Rıdvan Akar, 28 Şubat sürecine ilişkin hazırladığı belgeselde yayımlanmayan bir belge ya da bilgi olup olmadığı yönündeki soru üzerine, dönemin önemli bir isminin kamera kaydı dışında verdiği bir bilgiyi paylaşabileceğini söyledi. Akar, ''İsmini veremeyeceğim bu kişi, 28 Şubat'ta, tankların kışladan çıktığı bilgisinin kendisine ulaştığını, bunun üzerine telefonla dönemin Genelkurmay Başkanı'nı aradığını anlattı. Uzun bir konuşmadan sonra Genelkurmay Başkanı'nı ikna etmiş ve tanklar geri dönmüş'' diye konuştu.

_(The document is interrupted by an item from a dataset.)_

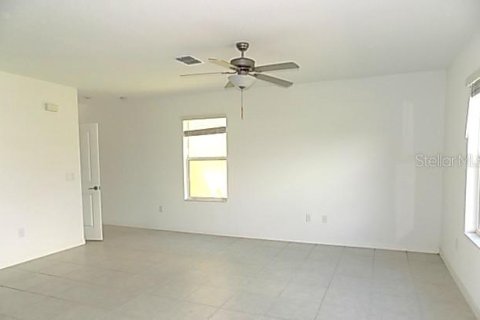 House in Wimauma, Florida 4 bedrooms, 178.84 sq.m. № 1855856 - photo 3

Bunu üzerine Komisyon Başkanı Nimet Baş, ''Bunu Sayın Demirel'e sorabilir miyiz?'' diye sordu. Akar'ın, ''Evet sorabilirsiniz'' yanıtını vermesi üzerine Baş, ''Tamam, cevabımı aldım'' dedi.

 

'Açık darbe isteyenler başarısız olunca'

Hasan Cemal de 28 Şubat sürecinin, askerin siyasete acımasız müdahalelerinden biri olduğunu, bu süreci aklamanın inandırıcı olamayacağını ifade etti. 28 Şubat sürecinde medyanın demokrasi adına kötü bir sınava verdiğine işaret eden Cemal, bunun söz konusu süreçte belirleyici unsurlar arasında olduğunu dile getirdi. 28 Şubat'ta ''açık darbe'' isteyenler ile ''muhtıra'' isteyenler olduğunu belirten Cemal, ''açık darbe'' isteyenlerin başarısız olduğunu kaydederek, ''28 Şubat sürecinde açık darbe isteyenler başarısız olunca, AK Parti'den sonra, 'Sarıkız', 'Ayışığı', 'Balyoz', 'Ergenekon' gibi yeni darbe tertipleri oluşmaya başladı'' dedi.

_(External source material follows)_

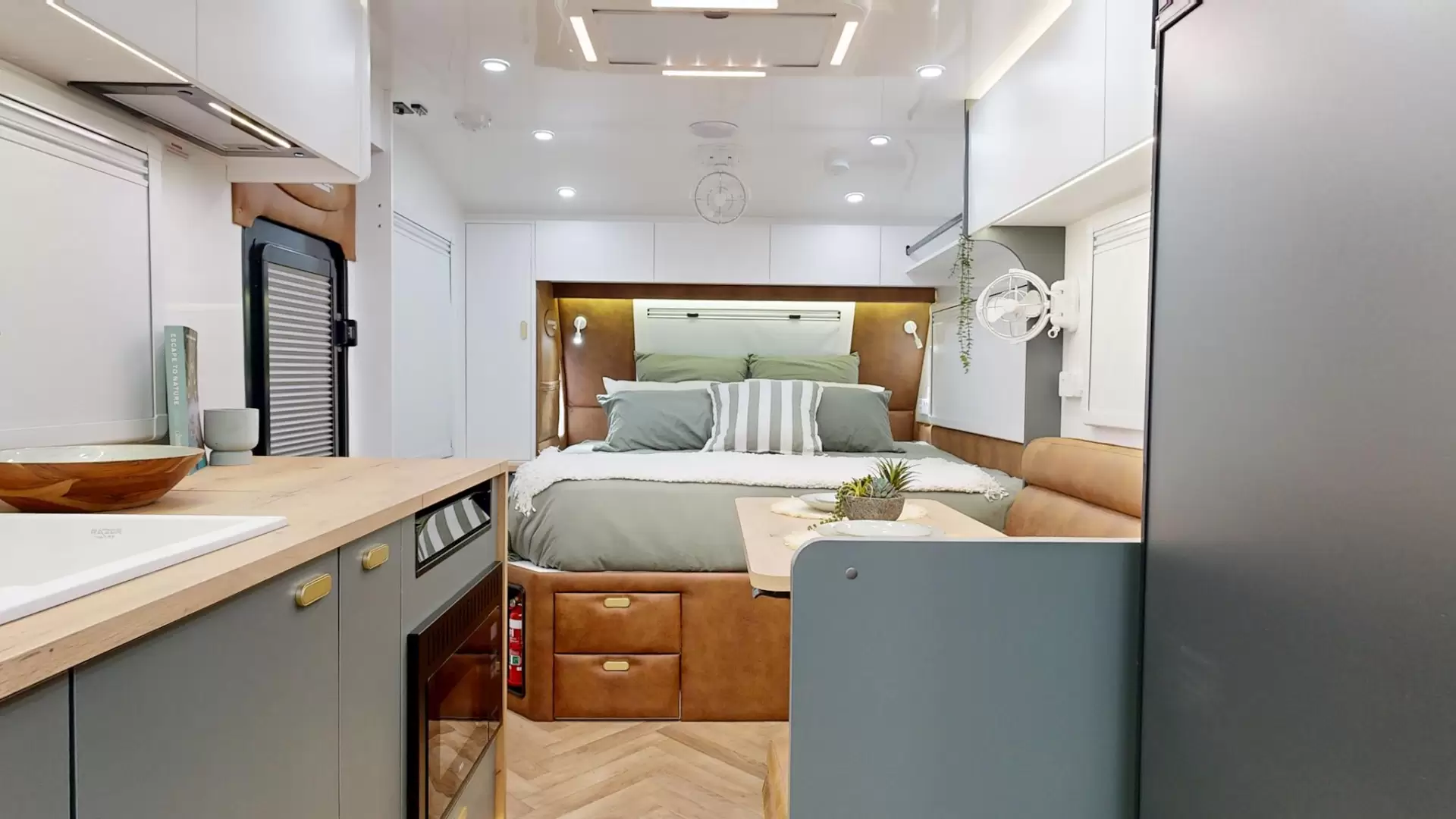 NEW 2026 VACATIONER CARAVANS ROUGH RIDER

''Açık darbe''nin önlenmesinde 9. Cumhurbaşkanı Süleyman Demirel'in rolünün göz ardı edilmemesi gerektiğini dile getiren Cemal, askerin nizamiyeden dönmesinde Demirel'in önemli bir unsur olduğunu kaydetti. ''Asker sorunu''nun henüz çözülmediğini belirten Cemal, bu konunun çözüme ulaştırılması için Anayasal ve yasal düzenlemeler yapılması, asker ve sivilde demokrasi kapsamında kafasal değişikliğin gerçekleştirilmesi gerektiğini söyledi.

CHP'li Öztürk ile Cemal arasında tartışma

Hasen Cemal, 1960'lı yıllarda darbe konusunda tutumuna ilişkin öz eleştiri yaptığını ve bu öz eleştiriyi bir kitap yazarak kamuoyu ile de paylaştığını anımsattı. CHP Mersin Milletvekili Ali Rıza Öztürk de ''Madem darbe tertipçiliği yaptığınız o zaman neden yargılanmıyorsunuz?'' diye sordu. Bunun kişisel bir eleştiri olduğunu belirten Cemal ise ''Siz beni 1969-70-71 dönemi ile ilgili eleştiriyorsunuz. Ben Halk Partisi'ndeki darbeci damarı burada konuşmaya başlasam,sizi çok üzebilirim'' dedi. Bunun üzerine tepki gösteren Öztürk, Cemal'in, kendisini, partisinin üzerinden eleştirmesini doğru bulmadığını vurgulayarak, ''Ama benimle siyasi polemiğe girerseniz, her zaman cevap veririm'' diye konuştu.

Öztürk ile Cemal arasındaki tartışmanın devam etmesi üzerine Komisyon Başkanı Baş, toplantıya ara verdi. Baş, aradan sonra, Cemal'in diğer soruları da yanıtlamasının ardından toplantıyı kapattı.